→ **TASK GOAL**
Verbatim copy, images omitted: return the full listing.

→ **SUPPLIED MATERIAL**
=== Begin Enclosure ===
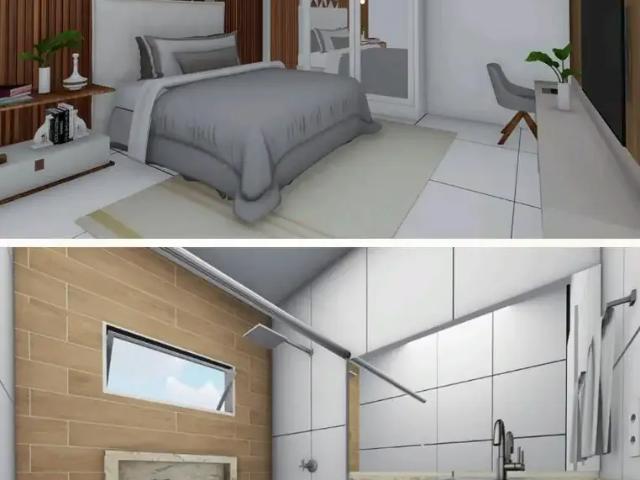 Casa venda em Região Geográfica Imediata de Timon, Região Integrada de Desenvolvimento da Grande Teresina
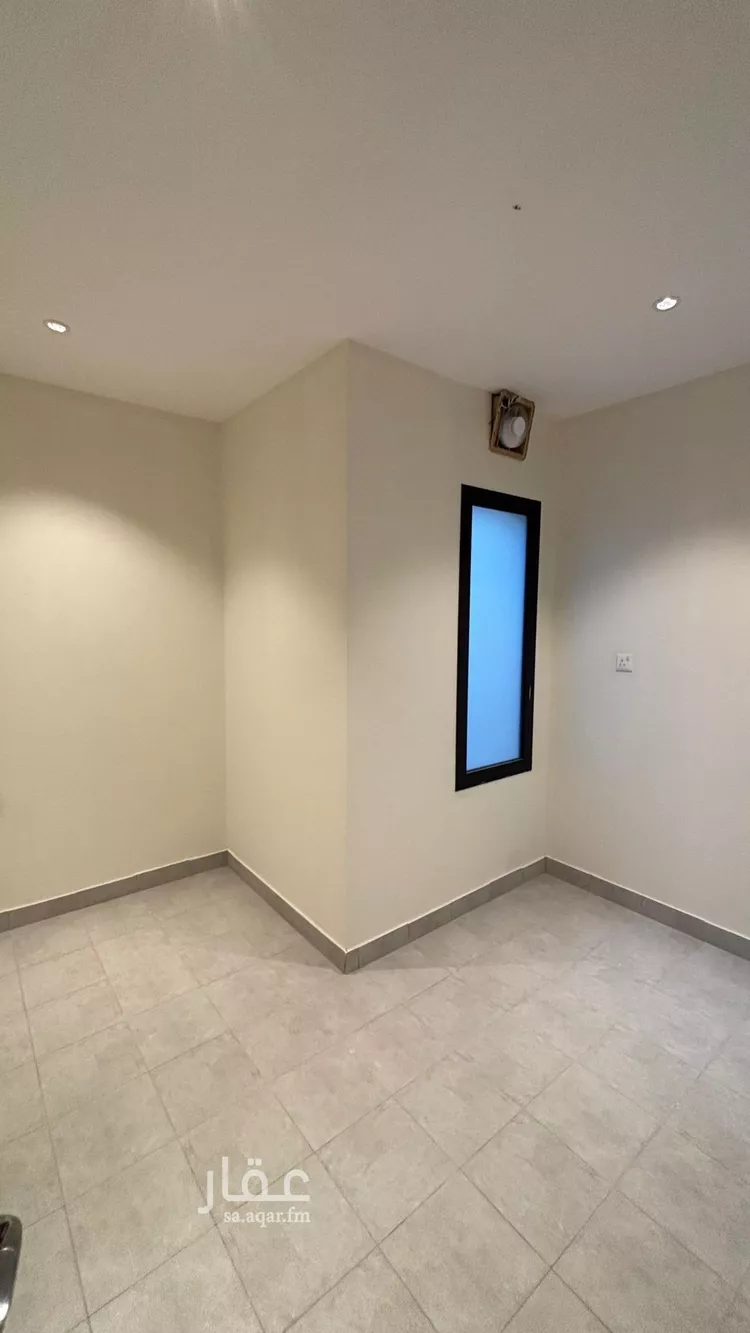 Apartment for Sale in Medina Ad Difa 10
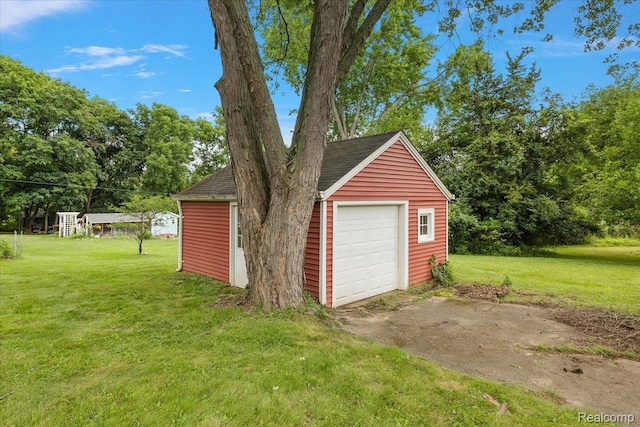 28028 Alycekay St, Farmington, MI 48334 - photo 43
=== End Enclosure ===
→ **WRITTEN RESPONSE**
 Casa venda em Região Geográfica Imediata de Timon, Região Integrada de Desenvolvimento da Grande Teresina
 Apartment for Sale in Medina Ad Difa 10
 28028 Alycekay St, Farmington, MI 48334 - photo 43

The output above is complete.